# SUPPLIED DATA
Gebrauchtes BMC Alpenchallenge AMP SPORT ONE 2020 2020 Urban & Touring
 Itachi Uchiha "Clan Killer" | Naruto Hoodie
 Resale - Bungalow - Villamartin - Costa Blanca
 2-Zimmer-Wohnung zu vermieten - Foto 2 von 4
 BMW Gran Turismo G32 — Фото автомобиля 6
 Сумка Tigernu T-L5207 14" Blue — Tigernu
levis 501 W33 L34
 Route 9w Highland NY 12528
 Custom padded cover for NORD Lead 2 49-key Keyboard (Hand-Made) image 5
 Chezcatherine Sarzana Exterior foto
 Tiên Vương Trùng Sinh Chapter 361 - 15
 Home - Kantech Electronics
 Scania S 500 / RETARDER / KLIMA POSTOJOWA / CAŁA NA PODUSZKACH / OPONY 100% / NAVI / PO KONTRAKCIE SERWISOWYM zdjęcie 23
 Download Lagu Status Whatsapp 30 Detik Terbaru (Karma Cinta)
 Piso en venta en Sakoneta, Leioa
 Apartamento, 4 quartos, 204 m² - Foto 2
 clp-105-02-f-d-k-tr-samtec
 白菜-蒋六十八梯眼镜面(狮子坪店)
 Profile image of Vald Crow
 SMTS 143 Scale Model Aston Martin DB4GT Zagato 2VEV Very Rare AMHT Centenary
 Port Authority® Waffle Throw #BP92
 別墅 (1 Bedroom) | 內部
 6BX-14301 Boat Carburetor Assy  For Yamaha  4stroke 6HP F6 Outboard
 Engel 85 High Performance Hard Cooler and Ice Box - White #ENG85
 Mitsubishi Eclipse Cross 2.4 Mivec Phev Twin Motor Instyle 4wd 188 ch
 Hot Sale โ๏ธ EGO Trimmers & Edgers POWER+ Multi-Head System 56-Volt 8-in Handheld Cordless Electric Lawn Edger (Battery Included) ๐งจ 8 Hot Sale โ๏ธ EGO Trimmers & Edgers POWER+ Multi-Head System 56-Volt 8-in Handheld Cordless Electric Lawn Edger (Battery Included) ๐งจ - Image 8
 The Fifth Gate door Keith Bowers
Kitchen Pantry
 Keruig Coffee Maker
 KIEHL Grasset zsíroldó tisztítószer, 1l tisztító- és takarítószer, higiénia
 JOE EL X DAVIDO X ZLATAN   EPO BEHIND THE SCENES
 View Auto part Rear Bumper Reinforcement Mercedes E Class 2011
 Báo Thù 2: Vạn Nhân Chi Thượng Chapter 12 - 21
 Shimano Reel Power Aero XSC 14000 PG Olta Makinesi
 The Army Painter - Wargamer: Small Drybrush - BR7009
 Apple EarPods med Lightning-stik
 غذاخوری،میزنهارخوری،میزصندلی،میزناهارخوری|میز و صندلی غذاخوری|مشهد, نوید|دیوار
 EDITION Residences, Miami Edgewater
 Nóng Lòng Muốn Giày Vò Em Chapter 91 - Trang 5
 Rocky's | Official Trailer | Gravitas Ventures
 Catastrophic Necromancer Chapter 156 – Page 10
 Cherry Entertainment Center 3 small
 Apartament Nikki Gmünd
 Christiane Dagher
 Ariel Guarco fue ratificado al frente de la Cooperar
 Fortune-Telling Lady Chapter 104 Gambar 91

# TASK BRIEF
Pick out and copy the lines of the entries that hold the string "Chapter".

# RESULT BELOW
 Tiên Vương Trùng Sinh Chapter 361 - 15
 Báo Thù 2: Vạn Nhân Chi Thượng Chapter 12 - 21
 Nóng Lòng Muốn Giày Vò Em Chapter 91 - Trang 5
 Catastrophic Necromancer Chapter 156 – Page 10
 Fortune-Telling Lady Chapter 104 Gambar 91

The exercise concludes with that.